Every single one of you will find, or perhaps have already found, yourself in a bit over your head on the trail. Maybe you find yourself ¾ of the way down a *much* too steep section of lava rock with no conceivable way to go other than sideways. Maybe you’ve decided that gravity riding is the discipline for you, only to immediately change your mind the instant your wheels leave the ground. Perhaps you’re just having a terrible first day in your new clipless pedals. Regardless of what the reason is, pretty close to everyone will wind up thinking to themselves, “oh shit I wish I hadn’t ridden this part!” Usually, that thought is followed by quite a few more colourful curses, then a large crash as you and your bike hit the ground. So, the question is, how do you keep yourself out of those situations?

This is about to hurt, real bad. See that step, right where the log points? I didn’t.

1: Look before you leap! One of the best signs I’ve seen on the trails is a huge, ugly, bright yellow monstrosity staked at the top of an in-construction downhill run. The trail builders have written “GO SLOW UNTIL YOU KNOW” on it, primarily because they’ve been changing the course and adding new jumps and obstacles. However, the sentiment is a good one, particularly when you’re in a wholly new area and riding on trails that you haven’t seen before. If you come blasting down a trail the first time you see it, chances are you’re not going to have time to stop when you finally come into a section you can’t/don’t want to ride. Slamming on the brakes as you go down a rock face, through a rock garden, or off of a jump is pretty close to the best way to get yourself damaged (second only to being the guy that files off his “Lawyer Tabs”, then forgets to tighten his front wheel. Yes, I’m talking about you Stan!).
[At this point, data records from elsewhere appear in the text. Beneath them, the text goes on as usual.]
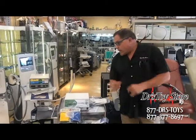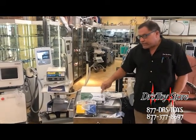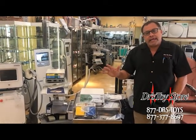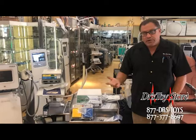Ellman Radiolase 3. We've got all your Ellman's in stock — about 20 of the Ellman Radiolase 3's. The nice thing about these is it's a different cut. It's got a cut that does not make as much scarring tissue as the Ellman's are known for.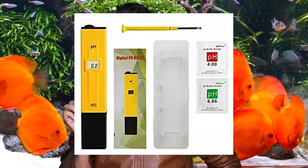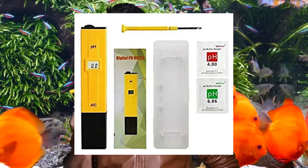This pH meter is about $7, which is entirely reasonable. We will also use 3 buffer solutions, which are 6.86, 4, and 9.18 pH readings.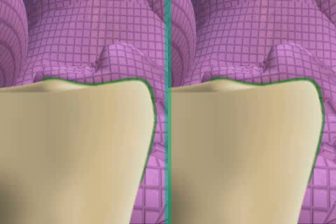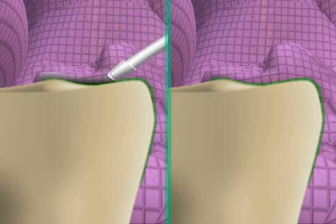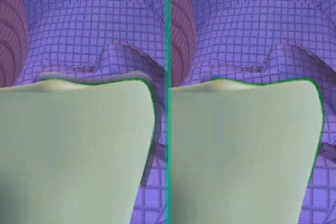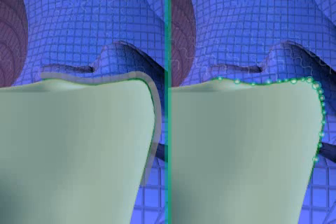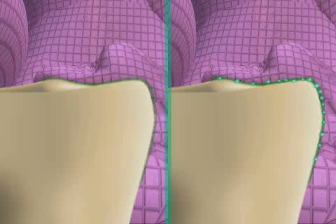Now Air Block is applied on the left side but not on the right. This isolates the glue gap on the left but not on the right. On the right, there is renewed bubble formation because the glue does not harden as well when exposed to air. Through the use of Air Block, the left side hardens much better, creating a smooth glue gap.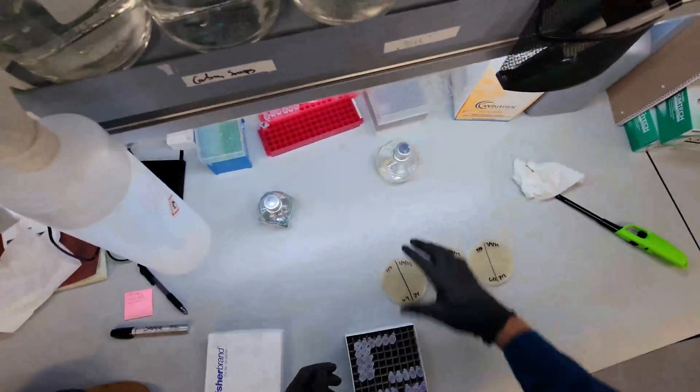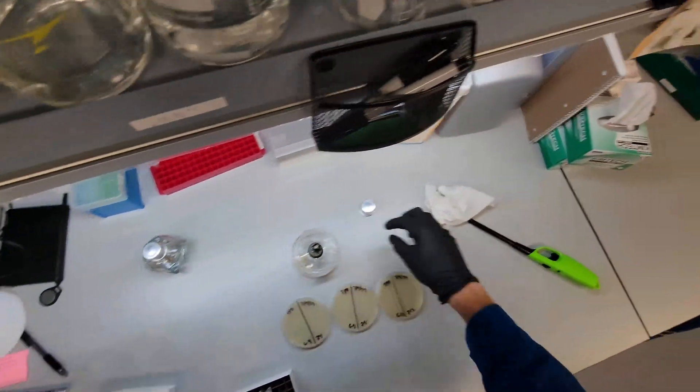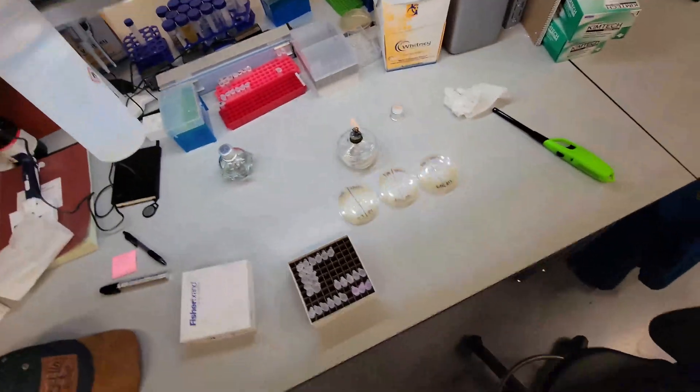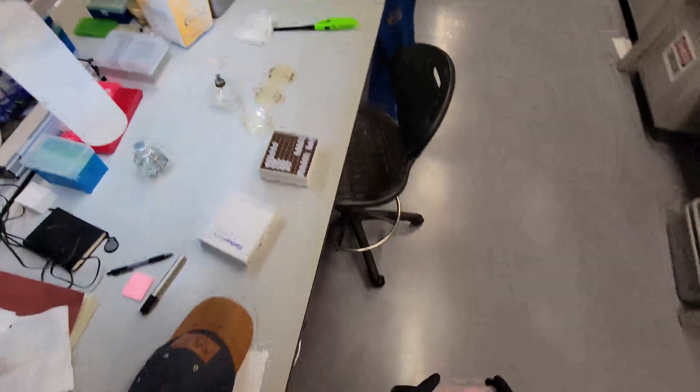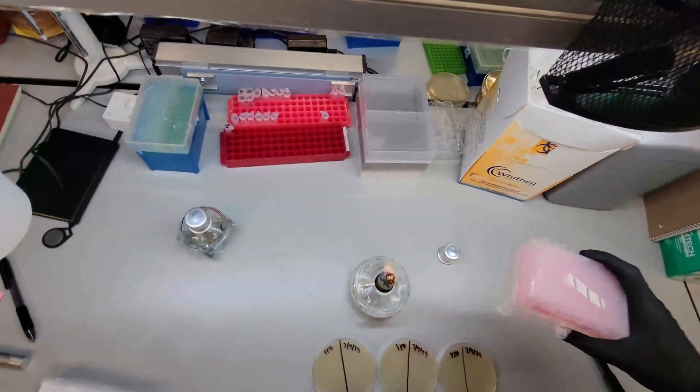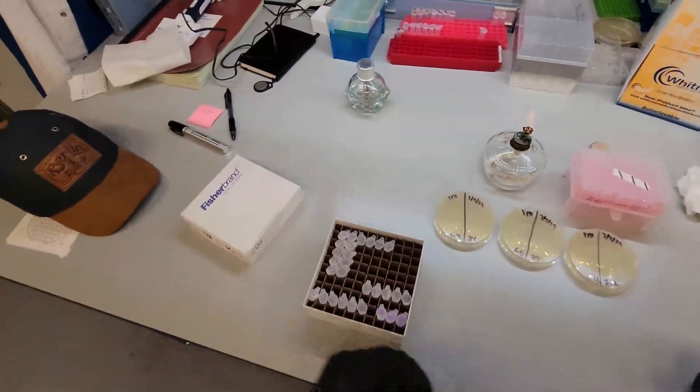So you want things to stay sterile here, so we have this alcohol lamp. We'll light that up. I like using these tips. You don't need to use pipette tips, but these tips don't fit any of our pipettes, so I can use them for streaking cultures.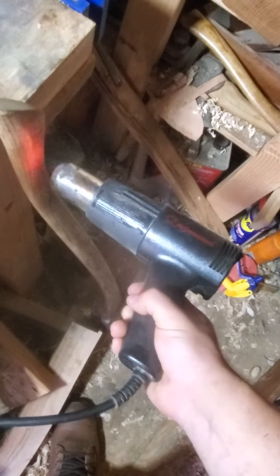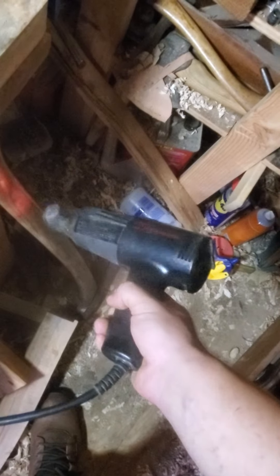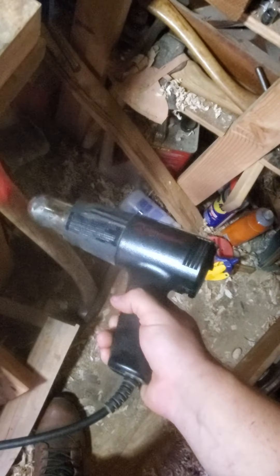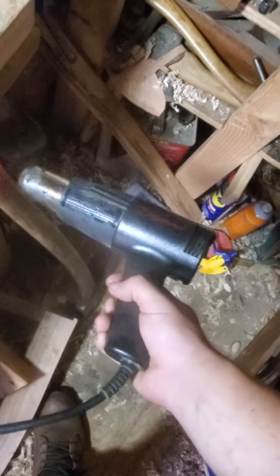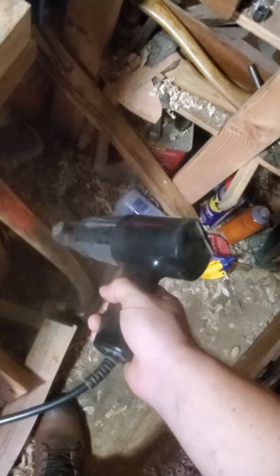I'm simply just heating up this handle to be able to bend it back into position — it's pretty warped and I'm trying to fix that. This is the method I found that works pretty well. I'm going to be careful to spread the heat out so I don't actually leave any scarring in the handle.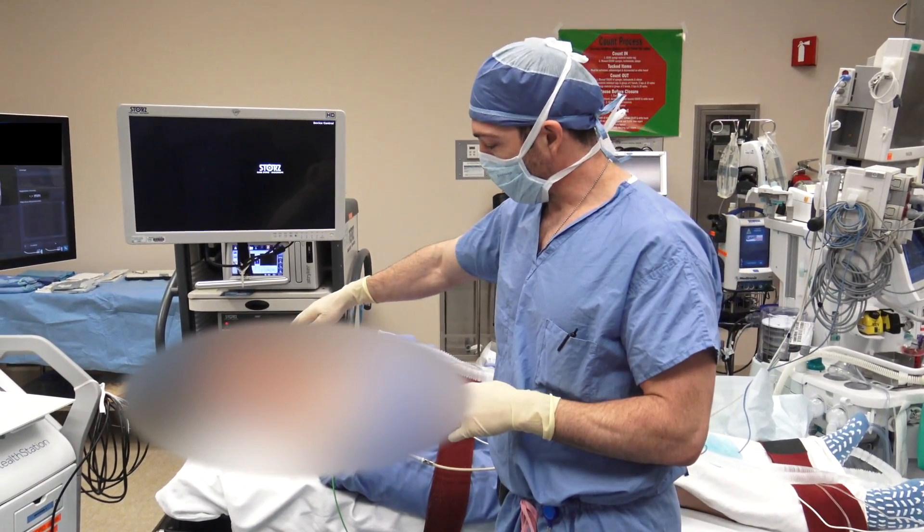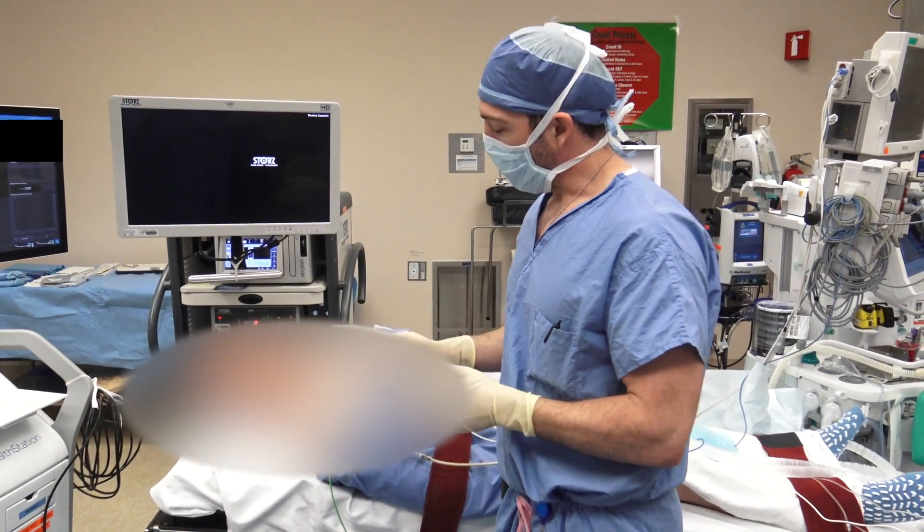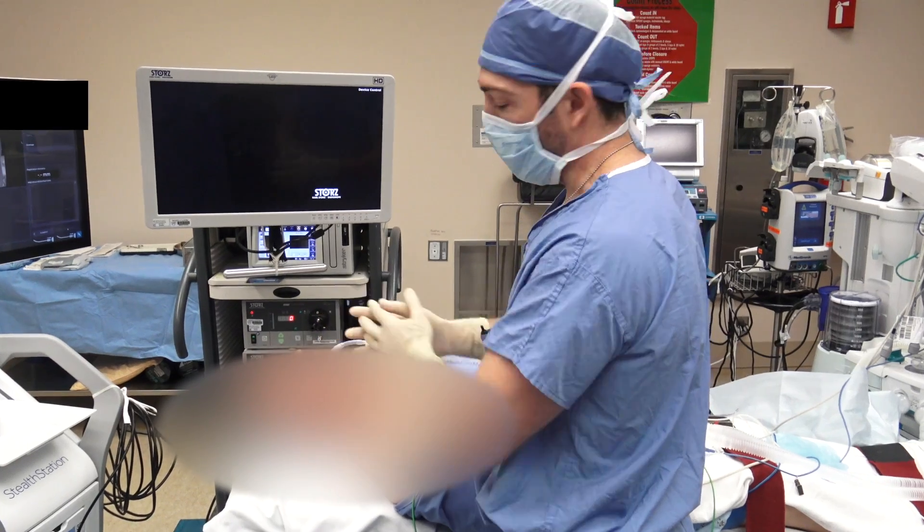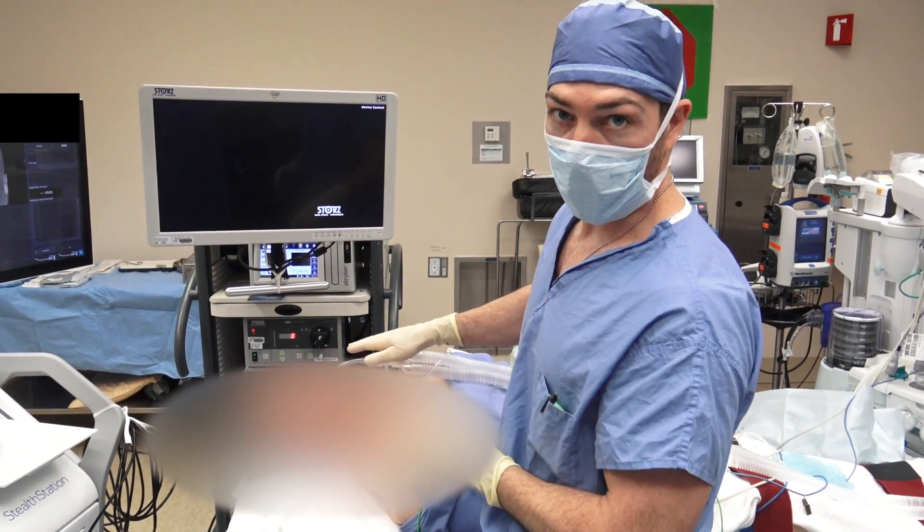We usually get the endotracheal tube taped at the left lower lip. As we work through the nose from the patient's right side, that allows us full access to the nose without having impingement from the endotracheal tube.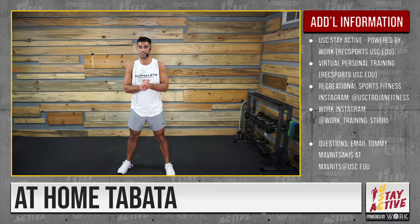That's your Tabata circuit! Some additional information: USC Stay Active, powered by WORK. Go to recs ports.usc.edu to check out the group fitness schedule, and also visit the site for virtual personal training. Follow Rec Sports Fitness on Instagram.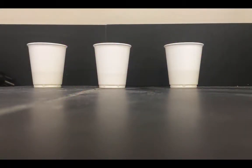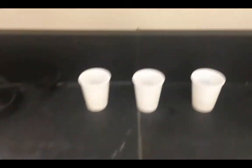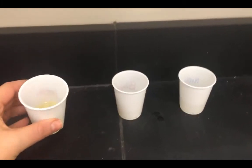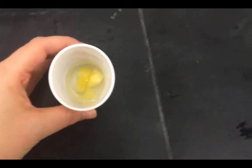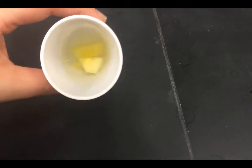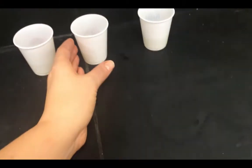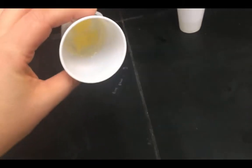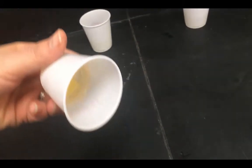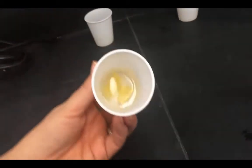So now 45 minutes or so later, we can take a peek at our results. Here is the fresh pineapple — look at that, very, very liquidy still in there. Now if I take the pineapple that had been boiled, look at that — the gelatin is completely solid. I can even tip it and see no gelatin comes out. It is totally solid.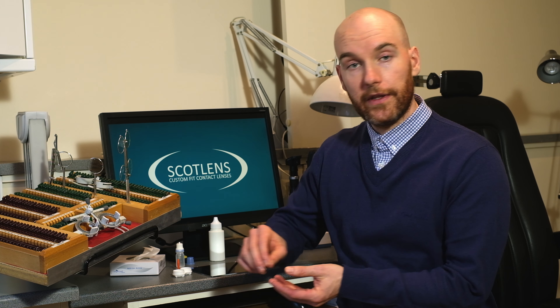At this point I want to take the lens from the case and pop it onto the tip of my finger, just make sure it's clean and it's ready to go in — that looks fine.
2: Commit! Commit commit commit! It’s a scary word, I know, but if you aren’t 100% committed to riding the section, and you lose your nerve halfway through, you’ll be in a much, *much* worse position than you would have been. Really, this is just a continuation of step one. If you get off and walk the section before you ride it, then decide you still want to ride it, then do it! If you decide it’s too rough/steep/slick and you want to walk it, then do it! Just don’t decide halfway through that you want to be walking instead.

I looked, and I leapt, but there are some things you can’t deal with on a rigid frame. On the other hand, I have a cool scar/story to tell!

3: If you can’t commit, Get Off! Seriously, you’re about a thousand times more likely to fall over if you try to stop halfway through the section. If you’re in clipless, those spots are where your really embarrassing, really painful, glacially slow tip-overs will happen. Honestly, there’s no shame in walking! If you push yourself and try to ride the section but wind up eating it, then at least you have a good story to tell and you know what went wrong. If you try to quit halfway through, fall over, break your wrist and snap your derailleur cage off, everyone is going to laugh at you while you’re dying of boredom trying to pay your bike and hospital bills. If you walk it, either no one knows, or they say “hey good idea (wo)man, just hit it when you’re ready!” Just be careful you don’t step on ice and fall down while you’re walking a section – I’ve done that before, and it’s not pretty.

The take-away lesson here is to be decisive in your adventures. If you decide to ride it, you better not change your mind. If you decide to walk it, well, try it next time you’re out there! Consider even just walking through it a couple times and looking at the section (everything looks bigger from the uphill side), then riding it! Whatever you choose to do, though, stick with it. Don’t change your mind halfway through.